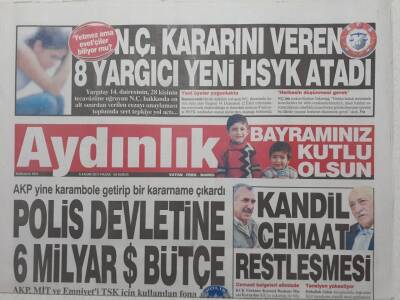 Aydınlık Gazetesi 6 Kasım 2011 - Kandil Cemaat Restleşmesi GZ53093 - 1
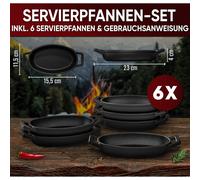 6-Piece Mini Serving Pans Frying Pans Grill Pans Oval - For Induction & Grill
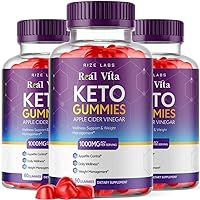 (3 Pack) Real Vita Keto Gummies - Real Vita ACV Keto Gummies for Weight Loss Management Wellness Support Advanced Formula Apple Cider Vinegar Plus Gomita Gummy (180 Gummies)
+-------+
Problem details: Nothing but the pictures should be left out when the material above is copied.

Answer area:
 Aydınlık Gazetesi 6 Kasım 2011 - Kandil Cemaat Restleşmesi GZ53093 - 1
 6-Piece Mini Serving Pans Frying Pans Grill Pans Oval - For Induction & Grill
 (3 Pack) Real Vita Keto Gummies - Real Vita ACV Keto Gummies for Weight Loss Management Wellness Support Advanced Formula Apple Cider Vinegar Plus Gomita Gummy (180 Gummies)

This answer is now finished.